Spark Applications

Create and execute compiled MATLAB® applications against Spark™ enabled Hadoop® clusters

Supported Platform: Linux® only.

You can deploy MATLAB applications against Spark in two ways:

  • Deploy tall arrays to a Spark enabled Hadoop cluster

  • Deploy applications using the MATLAB API for Spark

To deploy MATLAB applications that contain tall arrays, see Deploy Tall Arrays to a Spark Enabled Hadoop Cluster. To learn more about how to work with tall arrays, see Tall Arrays (MATLAB).

To deploy MATLAB applications that use functions such as flatMap, which is common in Spark programs, see Deploy Applications Using the MATLAB API for Spark.
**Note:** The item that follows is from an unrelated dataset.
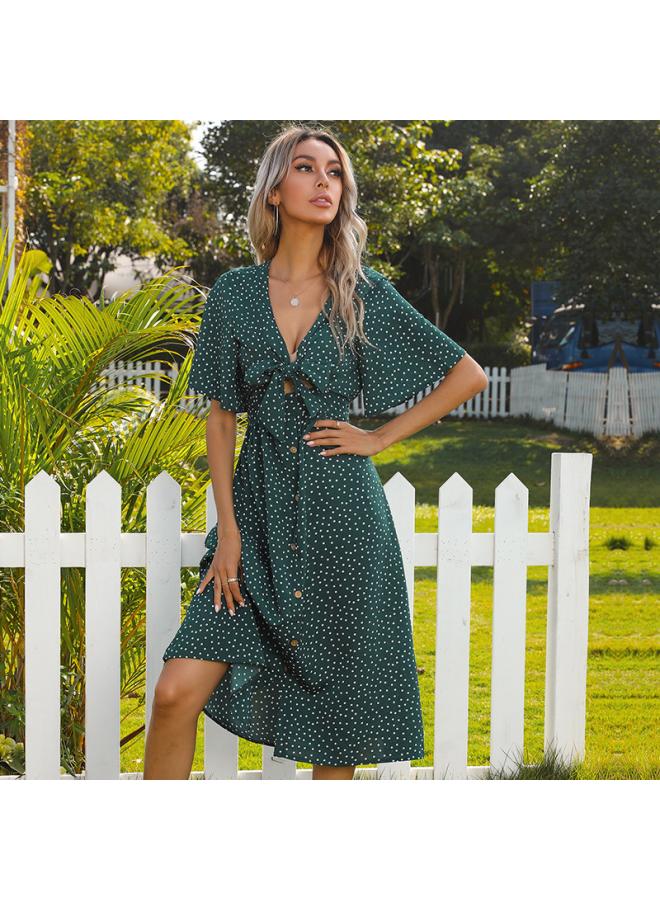 Summer New Women's French Polo Dot V-neck Hollow-out Lotus Leaf Sleeve Knot Dress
The MATLAB API for Spark exposes the Spark programming model to MATLAB. Therefore, you will find Spark functions such as flatMap, mapPartitions, and aggregate that you can readily use when creating your MATLAB applications.


MATLAB applications developed using the MATLAB API for Spark cannot be deployed if they contain tall arrays.

See Apache Spark Basics for a short summary of Spark concepts and a discussion of how deployed MATLAB applications incorporate those concepts.

MATLAB has a vast collection of scientific and engineering algorithms and Spark is a fast and general-purpose engine for large-scale data processing. By deploying MATLAB applications against Spark, you can create applications in MATLAB and execute them against a Spark enabled cluster.

Supported Apache Spark™ Versions: 1.3–2.x.